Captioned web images
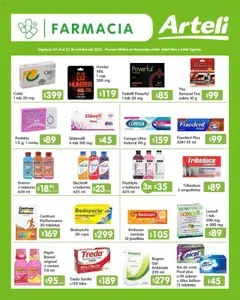 Vista previa de Arteli - Folleto Quincenal, nuevo folleto de la tienda, válido en México a partir del 07.10.2025 | Página: 11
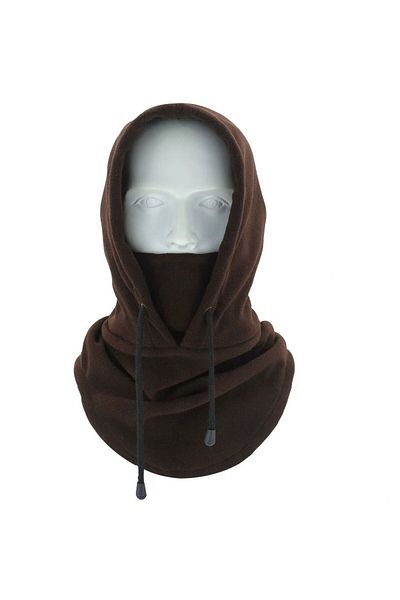Choice coffee Fashion Polar Fleece Women Men Balaclava Winter Hat Beanies Warmer Windproof Full Face Ski Ma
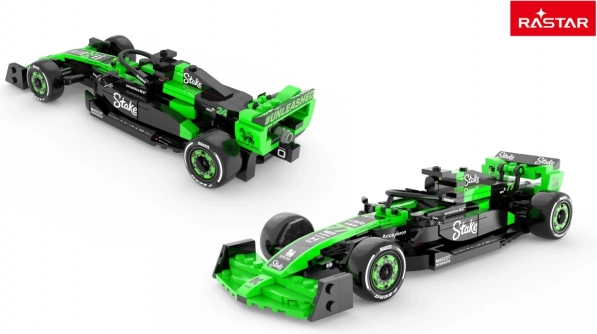 Stavebnica formule 1:24 STAKE F1 Team KICK Sauber C44 zelená Rastar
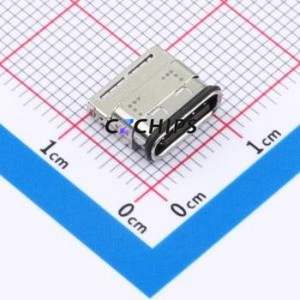 FKKDATCCD USB Connector SMD Connector ( Connector Type: Type-C )( Protocol Standard: USB 3.1 )( Gender: Female ) - Product Image 1
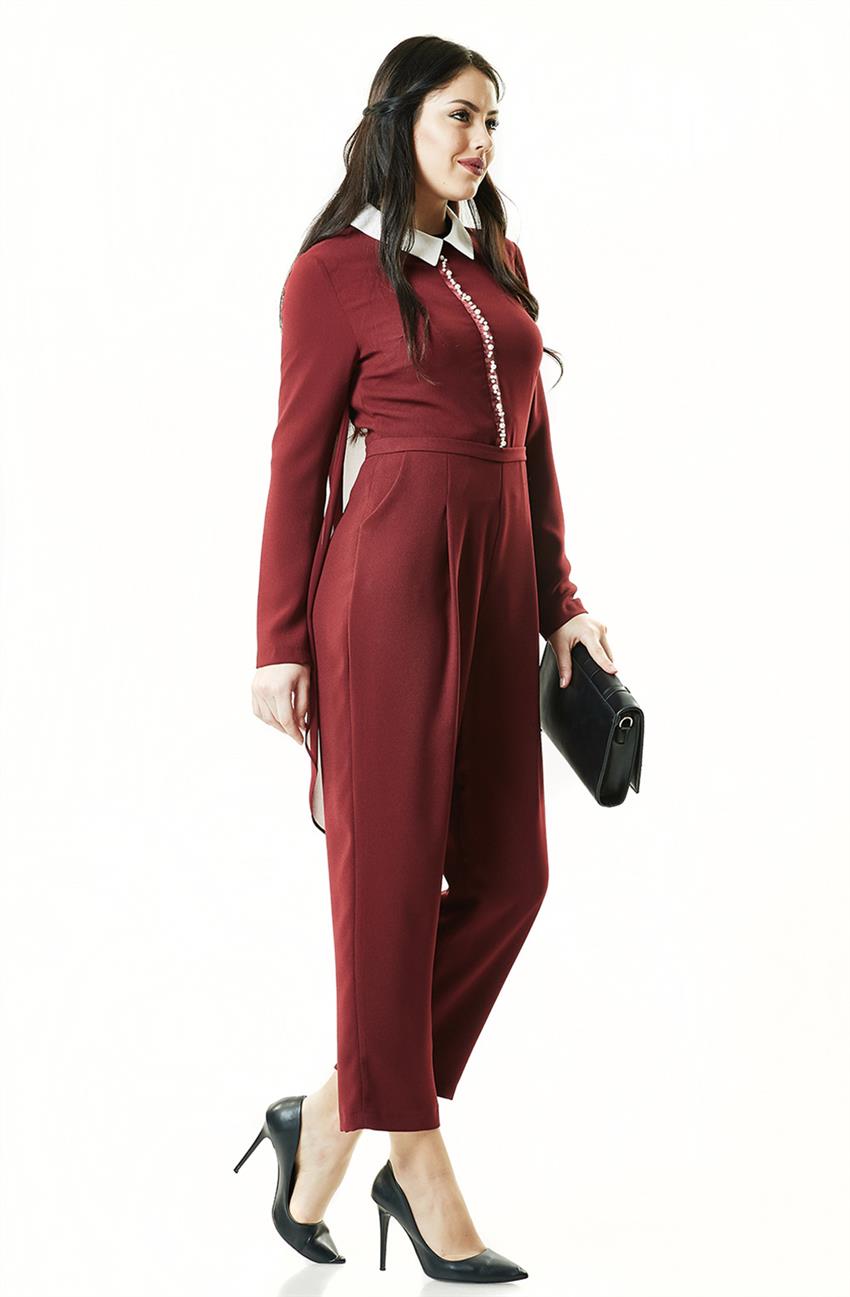 Overall-Claret Red KA-A7-22007-26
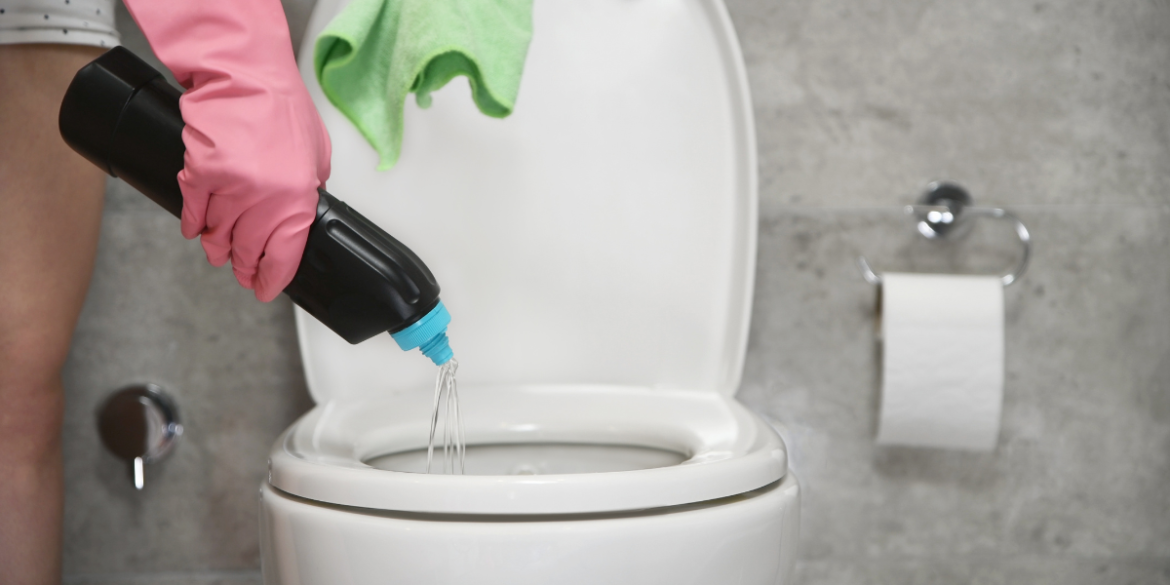 How to get rid of bleach smells in the home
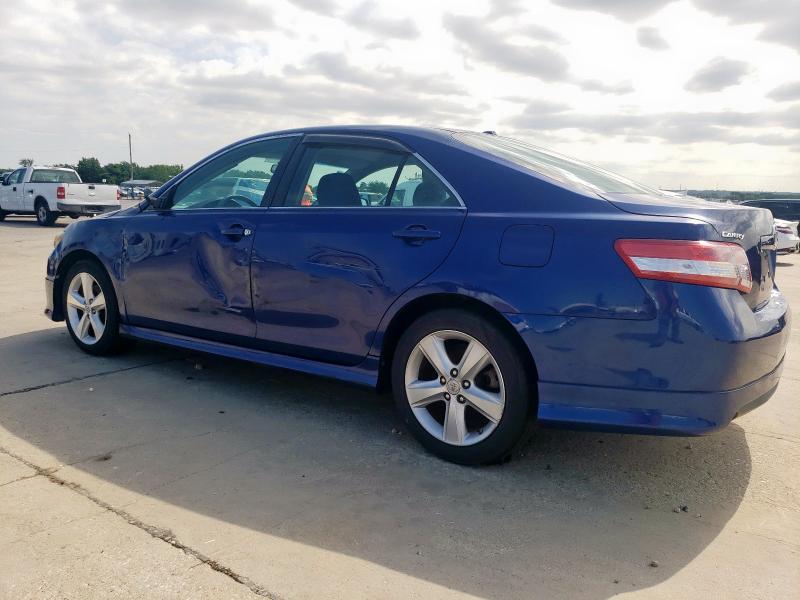 4T1BF3EK1BU681246 - 2011 TOYOTA CAMRY BASE Mavi foto 2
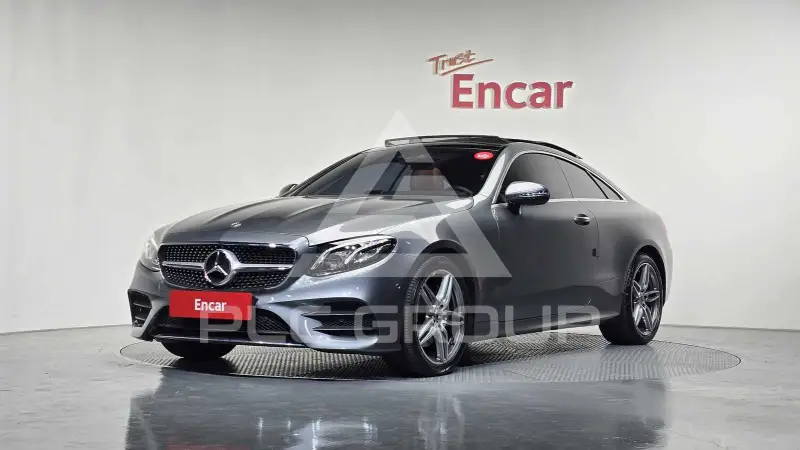 2019 Mercedes Benz E-Class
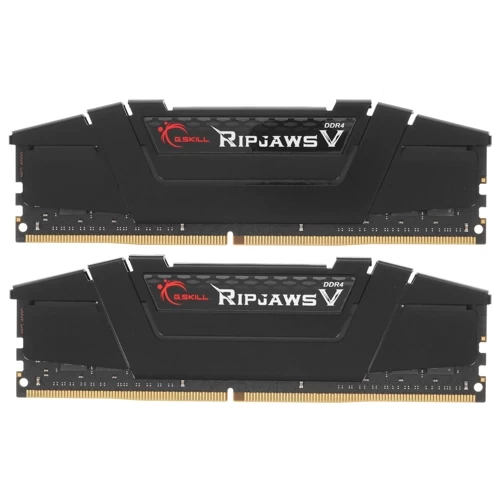 Оперативная память 32 Gb 4000 MHz G.Skill RIPJAWS V Black (F4-4000C16D-32GVKA)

- **ABOUT THIS TASK**: The expected output is each entry given again word for word, with pictures dropped.

- **RESPONSE AREA**:
 Vista previa de Arteli - Folleto Quincenal, nuevo folleto de la tienda, válido en México a partir del 07.10.2025 | Página: 11
Choice coffee Fashion Polar Fleece Women Men Balaclava Winter Hat Beanies Warmer Windproof Full Face Ski Ma
 Stavebnica formule 1:24 STAKE F1 Team KICK Sauber C44 zelená Rastar
 FKKDATCCD USB Connector SMD Connector ( Connector Type: Type-C )( Protocol Standard: USB 3.1 )( Gender: Female ) - Product Image 1
 Overall-Claret Red KA-A7-22007-26
 How to get rid of bleach smells in the home
 4T1BF3EK1BU681246 - 2011 TOYOTA CAMRY BASE Mavi foto 2
 2019 Mercedes Benz E-Class
 Оперативная память 32 Gb 4000 MHz G.Skill RIPJAWS V Black (F4-4000C16D-32GVKA)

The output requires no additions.